Background: Transcription factor (TF) proteins play a critical role in the regulation of eukaryotic gene expression via sequence-specific binding to genomic locations known as transcription factor binding sites (TFBSs). Accurate prediction of TFBSs is essential for understanding gene regulation, disease mechanisms, and drug discovery. These studies are therefore relevant not only in humans but also in model organisms and domesticated and wild animals. However, current tools for the automatic analysis of TFBSs in gene promoter regions are limited in their usability across multiple species. To our knowledge, no tools currently exist that allow for automatic analysis of TFBSs in gene promoter regions for many species.

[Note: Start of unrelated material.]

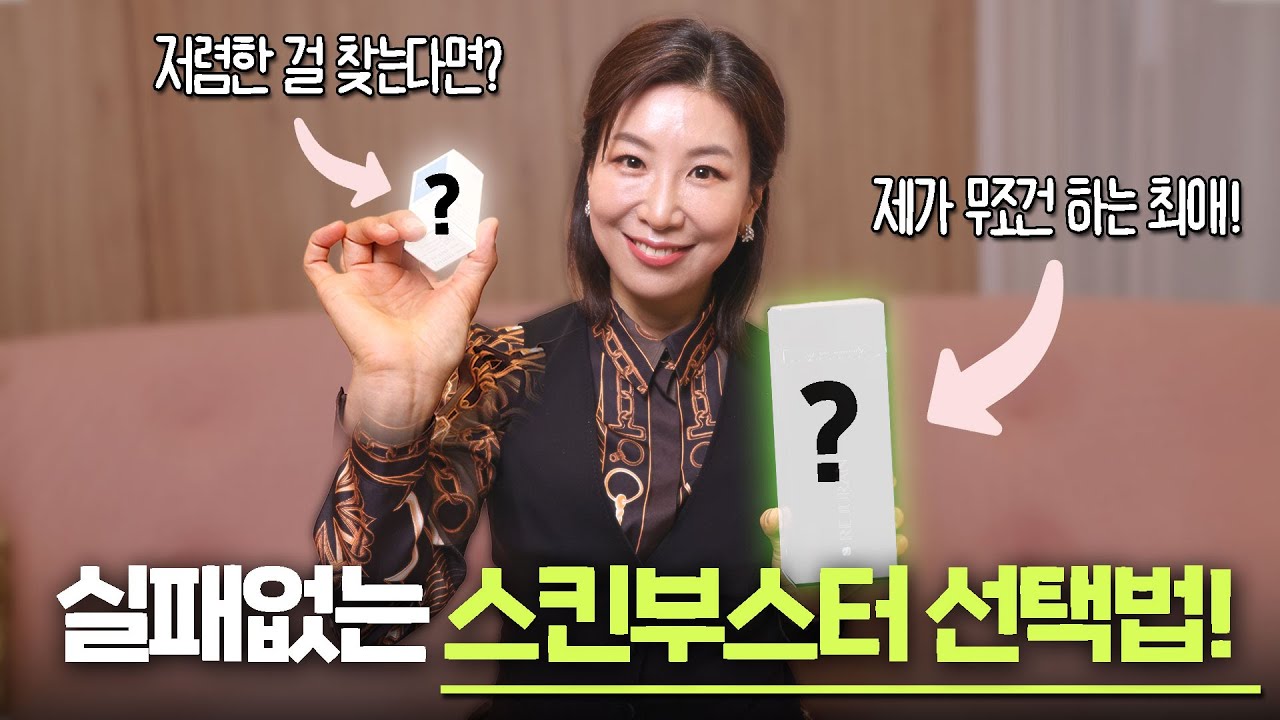 너무나 많은 스킨부스터 중 나에게 맞는 걸 한 번에 고르는 방법!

Methodology and findings: The TFBSFootprinter tool combines multiomic transcription-relevant data for more accurate prediction of functional TFBSs in 317 vertebrate species. In humans, this includes vertebrate sequence conservation (GERP), proximity to transcription start sites (FANTOM5), correlation of expression between target genes and TFs predicted to bind promoters (FANTOM5), overlap with ChIP-Seq TF metaclusters (GTRD), overlap with ATAC-Seq peaks (ENCODE), eQTLs (GTEx), and the observed/expected CpG ratio (Ensembl). In non-human vertebrates, this includes GERP, proximity to transcription start sites, and CpG ratio.TFBSFootprinter analyses are based on the Ensembl transcript ID for simplicity of use and require minimal setup steps. Benchmarking of the TFBSFootprinter on a manually curated and experimentally verified dataset of TFBSs produced superior results when using all multiomic data (average area under the receiver operating characteristic curve, 0.881), compared with DeepBind (0.798), DeepSEA (0.682), FIMO (0.817) and traditional PWM (0.854). The results were further improved by selecting the best overall combination of multiomic data (0.910). Additionally, we determined combinations of multiomic data that provide the best model of binding for each TF. TFBSFootprinter is available as Conda and Python packages.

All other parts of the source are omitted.